This is an explanation of the Calvin Benson cycle and photosynthesis starting from the meaning, function, stages, processes, schemes, and results. What is the Calvin Cycle? We know that plants are the source of life for all living things on earth. Useful plants produce oxygen or O2 that humans and animals need to breathe. In addition, plants are also useful as producers that are used by consumers who are above them. Plants can make their own food through photosynthesis with the help of leaf green substances and sunlight.
In carrying out the process of photosynthesis, plants must go through two stages. The plant must go through the light reaction as well as the dark reaction.

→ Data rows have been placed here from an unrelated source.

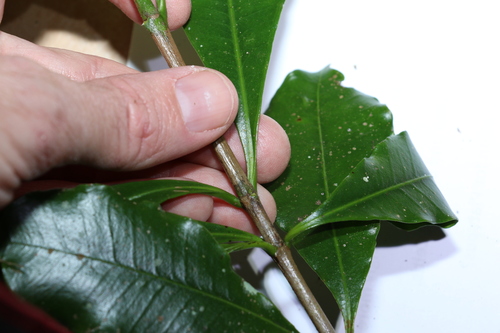 Image of Ochrosia poweri by (c) Greg Tasney, some rights reserved (CC BY-SA)
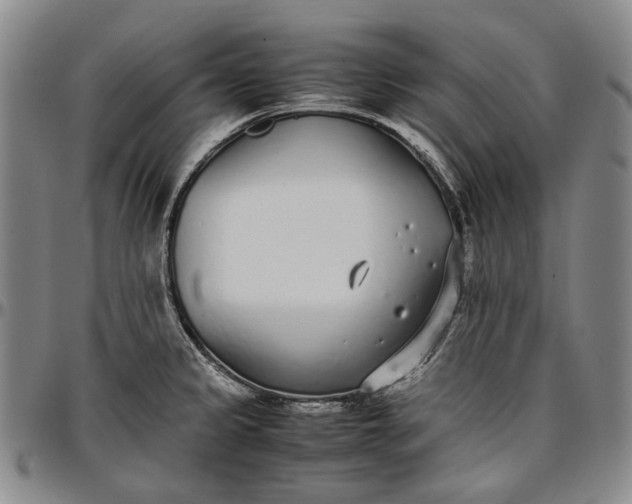 X0000096651333200802191233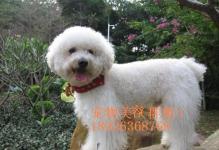 陽江寵物服務全攻略 呵護您的愛寵無憂生活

When in the light reaction, chlorophyll captures light and converts it into energy compounds that will later be used in the dark reactions. This dark reaction is known as the Calvin cycle.
In the following, we will invite you to learn more about the Calvin cycle including understanding, stages, the process of the Calvin cycle, and so on.
What is the Calvin Cycle?
The Calvin cycle is a series of chemical reactions that occur in plants without the need for light. However, this cycle does not mean the process occurs in the dark. The term dark reaction is the term used when the reaction does not use energy from light. Of course, this is very different from the dark reaction, the process of which requires the help of light energy.
The place where the Calvin cycle occurs is in the stroma, which is located inside the chloroplast. The Calvin cycle of photosynthesis works by converting CO2 into a three-carbon sugar. When the process of making three-carbon sugar, the cycle requires NADPH2 and requires a lot of energy in the form of ATP to be able to add electrons when you want to reduce power. Then, the sugar will be converted into nucleotides, amino acids, and starch (a more complete/complex sugar).
Calvin Cycle Functions
Simply put, the Calvin cycle works to make carbon sugars. Then the carbon sugar will be used to form other sugars such as starch, glucose, and cellulose which will then be used by plants for structural building materials.
The Calvin cycle will directly take carbon molecules from the air and also directly convert them into plant matter. This is what makes this cycle a very important role for the existence of most ecosystems. Without this cycle, plants would not be able to store energy in a form that herbivores could digest. As a result, carnivores cannot have access to energy that comes from herbivores.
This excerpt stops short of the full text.